Your division of books
into the active and the passive pleased me. The fluid ones are those
written by writers: and the static ones are those (the many more)
written by imitators like me. The second have no justification of being,
except the scarcity of the real thing... and the need of books which
shall be tools, ancillary. Works of art have their own life, and so
aren't best fitted to be railway timetables, or dictionaries, or
histories.
My thing was forced
from me not as a poem, but as a complete narrative of what actually
happened in the Arab Revolt. I didn't think of it till all was over, and
it was compiled out of memory (squeezing the poor organ with both hands,
to force from it even the little lively detail that there is). If I
invent one thing I'll spoil its raison d'être: and if there are invented
conversations, or conversations reconstructed after five years, where
will it be?
Also, you know, I feel
profoundly dejected over it all. It reads to me inferior to nearly every
book which I have found patience to read... and that is many. If it is
the best I can do with a pen, then it's better for me to hump a rifle or
spade about: and I fear it's the best I can write. It went through four
versions in the four years I struggled with it, and I gave it all my
nights and days till I was nearly blind and mad. The failure of it was
mainly what broke my nerve, and sent me into the R.A.F.... where I
found six months of full contentment. The Army is a sad substitute.
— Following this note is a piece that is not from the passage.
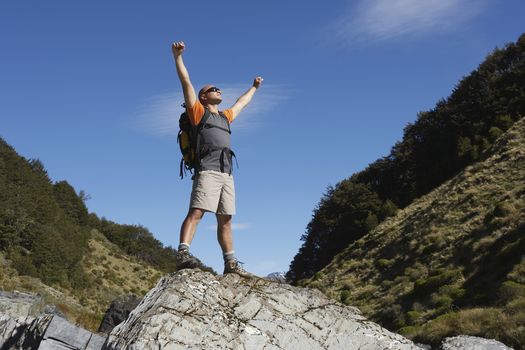 Hiker with arms outstretched on rock in river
However I'm off the point.
War and Peace is almost
the largest book in the world. I've carried it whenever I had the
transport, and ever wished it longer. But then Tolstoi was an enormous
genius. While I was trying to write I analysed most of you, and found
out, so far as it was within my fineness to see, what were your tricks
of effect, the little reserves and omissions which gave you power to
convey more than the print says. But it is hopeless to grapple with
Tolstoi. The man is like yesterday's east wind, which brought tears when
you faced it and numbed you meanwhile.
Your goodness in
writing to me with such care shows that you think (or makes me think
that you think) there's some hope in my writing. Yet the revise I'm
going to give The Seven Pillars in the next ten months can be one
of detail only: for the adventure is dead in me: and I think it is the
only thing I'll ever try to write. The Army is a great assoiler... and
my two years of it has nearly cured me of the desire to work
gratuitously. This means 'without self-satisfaction or money': the first
I only get out of hot speed on a motor-bike. The second I never get. My
own writing has brought me in eleven pounds since 1914. A scruple
(absurd in view of the obliquity of the whole movement) prevented by
taking pay while I was East: and prevents my taking profits on any part
of the record of the adventure. I can make a little translating foreign
novels: but it's not much, and painful work. The army is assured bread
and butter... and that feels better than a gamble outside. Also I feel
disinclined to struggle again for a living. If I can't keep alive
without much pain then I won't bother to do so at all.
I wonder why I'm
writing all this to you. I think perhaps because you are a stranger, and
have been interested in my addled egg. It was an extraordinary
experience for me, the reading of your letter.
Some of the people who
were with me during the war have read the book, and want copies. When I
had money I got a lot of drawings done in illustration of it. Not
ordinary sorts of things... proper portraits by John and Kennington and
Lamb and Spencer and Roberts and Co.... I got an estimate for printing
all these as well as possible, and the complete text (revised again of
course) in a decent quarto... and they said £3000. So I've agreed to do
100 copies or about that number, if they can find enough of the ungodly
rich to subscribe 30 guineas each for a copy. To date they have got
nearly twenty (in two months) and the block-making is started. I've
stipulated for liberty to produce up to fifty extra pulls of the plain
text for the fellows who fought with me... These I'll give them free:
but only to the men mentioned by name in it.
It will probably lose
me my American copyright, and may lead to pirated editions in England:
and this I'll be sorry for, since I grudge others profiting where I
refuse to sell. However that's all a piece with the folly of the revolt
and my leadership and my story of it. If only I'd written a self
respecting straightforward tale the thing would have been over long ago.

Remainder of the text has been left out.